- **Task statement**: In the data below, find the line containing "Outsunny - Antique", then set down that line and every later line up to and including the line containing "Crossbody Wallet Case", exactly.

- **Supplied material**:
┌────────
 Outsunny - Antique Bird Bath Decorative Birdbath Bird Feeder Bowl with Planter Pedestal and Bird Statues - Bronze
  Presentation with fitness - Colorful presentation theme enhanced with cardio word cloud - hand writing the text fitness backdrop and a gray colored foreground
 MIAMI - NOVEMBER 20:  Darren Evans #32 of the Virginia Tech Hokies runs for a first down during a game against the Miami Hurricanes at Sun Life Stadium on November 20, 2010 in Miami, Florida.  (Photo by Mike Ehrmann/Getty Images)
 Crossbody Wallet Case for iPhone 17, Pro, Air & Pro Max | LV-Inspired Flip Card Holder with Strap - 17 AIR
└────────
┌────────
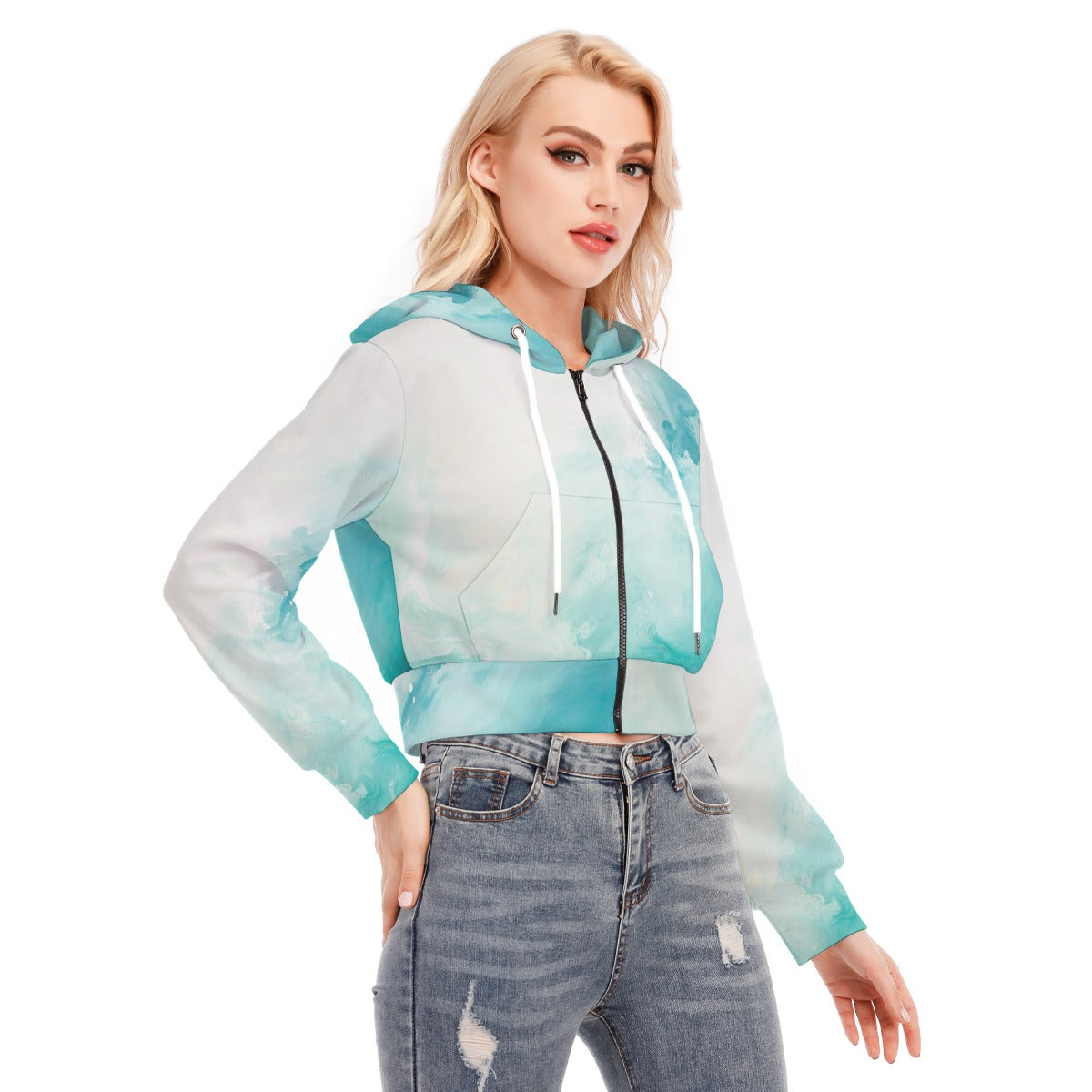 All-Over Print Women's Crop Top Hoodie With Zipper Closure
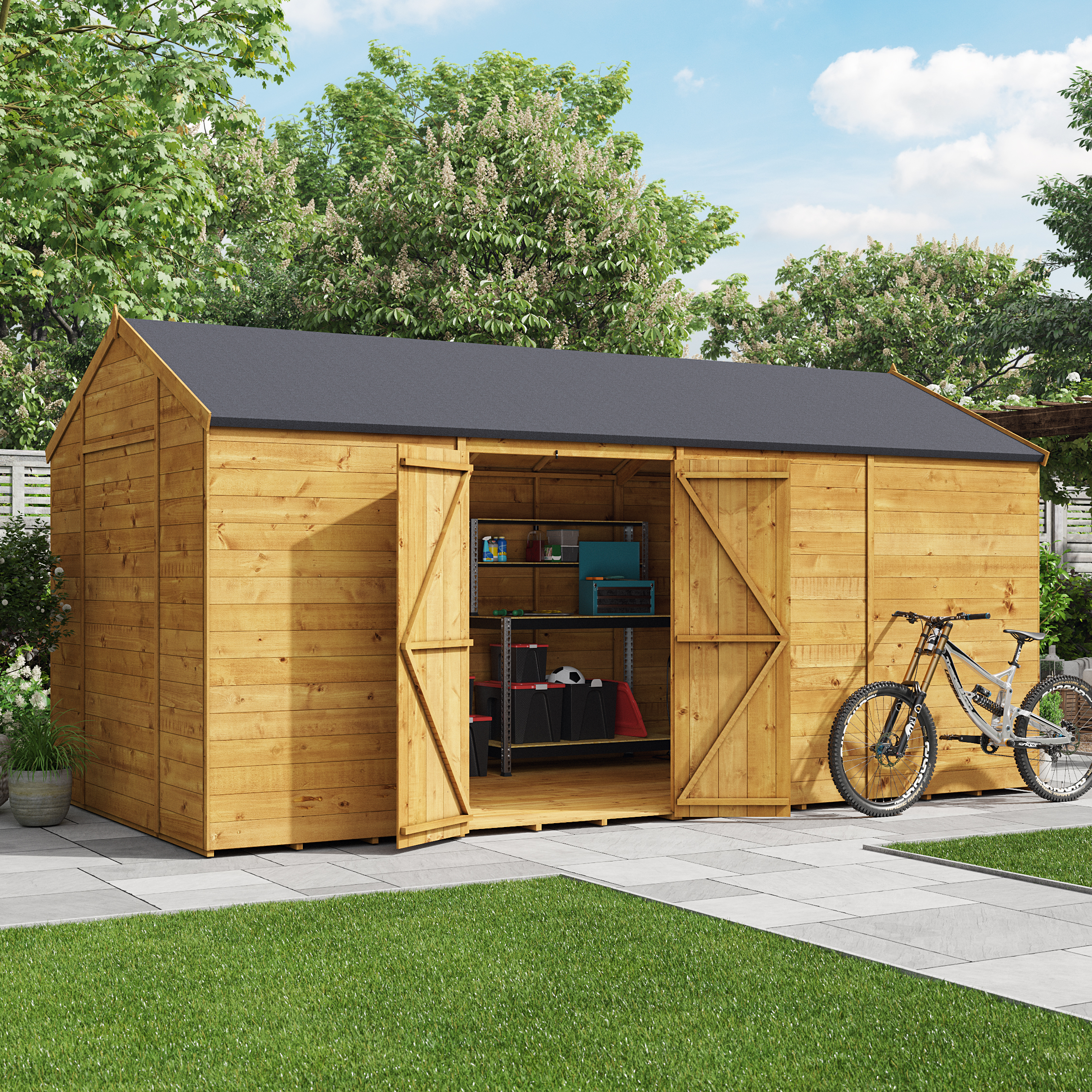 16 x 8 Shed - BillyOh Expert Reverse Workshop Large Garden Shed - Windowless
└────────
┌────────
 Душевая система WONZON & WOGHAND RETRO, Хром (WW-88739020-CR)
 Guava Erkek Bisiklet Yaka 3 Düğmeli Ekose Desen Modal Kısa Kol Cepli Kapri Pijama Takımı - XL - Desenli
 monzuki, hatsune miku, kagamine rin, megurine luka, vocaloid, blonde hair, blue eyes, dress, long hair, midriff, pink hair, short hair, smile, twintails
└────────
- **Response for this exercise**:
 Outsunny - Antique Bird Bath Decorative Birdbath Bird Feeder Bowl with Planter Pedestal and Bird Statues - Bronze
  Presentation with fitness - Colorful presentation theme enhanced with cardio word cloud - hand writing the text fitness backdrop and a gray colored foreground
 MIAMI - NOVEMBER 20:  Darren Evans #32 of the Virginia Tech Hokies runs for a first down during a game against the Miami Hurricanes at Sun Life Stadium on November 20, 2010 in Miami, Florida.  (Photo by Mike Ehrmann/Getty Images)
 Crossbody Wallet Case for iPhone 17, Pro, Air & Pro Max | LV-Inspired Flip Card Holder with Strap - 17 AIR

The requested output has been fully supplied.